Maria Nurowska, Jacek Dehnel, Szczepan Twardoch, Jakub Żulczyk - popularni pisarze, a przy okazji autorzy rozmaitych wyzwisk, zwłaszcza wobec „PiSiorów”, konserwatywnych krytyków literackich, polityków. W sumie tak jak i Lech Wałęsa - w końcu też autor kilku książek i też lubi prymitywne określenia. „Durnia mamy za prezydenta” - mówił o śp. prezydencie Lechu Kaczyńskim, dołączając do przemysłu pogardy.
Żulczyk w mediach społecznościowych napisał imię i nazwisko obecnego prezydenta i dodał (och, literaturo, nie miałaś takich wzlotów): „jest debilem”.
CZYTAJ WIĘCEJ:
Pisarz znieważył prezydenta. Jest akt oskarżenia
Specjalnie nie cytuję w całości, bo przecież o to chodzi w przemyśle pogardy - jak będziemy się tą frazą oburzać i ją przywoływać, to wyzwisko będzie się lepiej rozpowszechniać.
Autor „Czarnego słońca” poinformował na Facebooku, że prokuratura zajęła się sprawą:
Dwie śmieszne sprawy. Pierwsza - powiedziałem się właśnie, że Prokuratura Rejonowa Warszawa Śródmieście Północ skierowała do Sądu Okręgowego Warszawa akt oskarżenia przeciwko mnie z artykułu 135 kodeksu karnego, czyli znieważenia głowy Państwa.

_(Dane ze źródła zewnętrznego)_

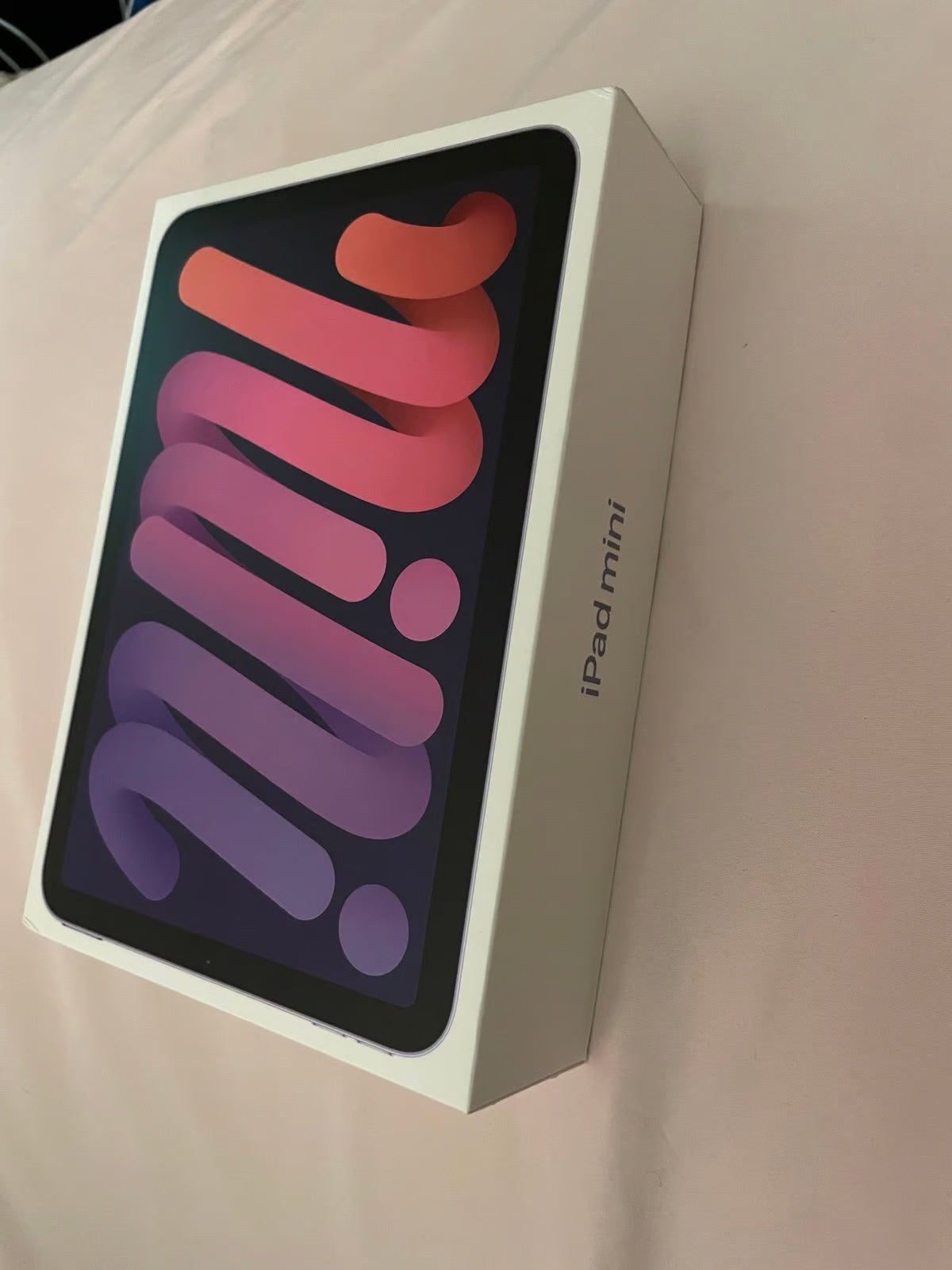 Apple iPad Mini 6th Generation 256 GB in Purple 5Q89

Nie wiem czy to taka śmieszna sprawa, bo to Kodeks karny, a nie zachcianki wymiaru sprawiedliwości, przewiduje konsekwencję za takie wyzwiska:
Kodeks karny Art. 135. [Czynna napaść lub znieważenie prezydenta RP] (…) § 2. Kto publicznie znieważa Prezydenta Rzeczypospolitej Polskiej, podlega karze pozbawienia wolności do lat 3.
-czytamy w KK.
Ale nowy, prawdopodobny wątek w tej sprawie odsłonił w telewizji wPolsce.pl, nasz redakcyjny kolega, Artur Ceyrowski:
[Mamy do czynienia z] oskarżeniem prywatnym i ktoś po prostu zgłosił się do prokuratury z podejrzeniem popełnienia przestępstwa i prokuratura, niestety nie ma innego wyjścia, która tego typu informacje musi zbadać. To jest jej zadanie i nie wykluczałbym, znając tamtą stronę sporu politycznego, że to te same środowiska, które teraz szydzą z tego doniesienia, zgłosiły to do prokuratury. Przypomnijmy wpis sprzed kilku tygodni pana Palikota na blogu, który sugerował tego typu walkę z Prawem i Sprawiedliwością, czyli „kłamcie o tym, że Kaczyński zaszczepił się jako pierwszy, kłamcie o tym, że Rydzyk ma dostać jakieś pieniądze, kłamcie o tym… (…) Nie mam żadnych złudzeń, że jest to narracja budowana często wokół tego typu PRowych zabiegów, wobec tego nie wykluczam, że ktoś z otoczenia pisarza […] czy ktoś, kto nie sprzyja tej władzy, tego typu doniesienie złożył.
Komentatorskie wzmożenie wokół aktu oskarżenia i cytowanie wyzwiska autorstwa Jakuba Żulczyka roznosi się więc ku satysfakcji antyPiSu. Niektórzy robią to cynicznie, inni nie wiedzą, że przecież po złożeniu doniesienia prokuratura musi kierować się prawem („pra-wo-rząd-ność”) i kontynuować sprawę - wystarczy tylko szyderstwo, zniewaga i rechot, a taka „ustawka” to banalny chwyt we wszystkich strategiach czarnej propagandy.
Nie wiem czy książki Żulczyka przetrwają próbę czasu, ale to jednozdaniowe określenie głowy państwa, ten krótki utwór autora „Ślepnąc od świateł”, ma popularność zagwarantowaną. Jest jeden plus tej sytuacji. Gdy współcześni pisarze zniżają się do poziomu rynsztoka, czytelnik ma większą motywację, by wrócić do starej, literackiej klasyki.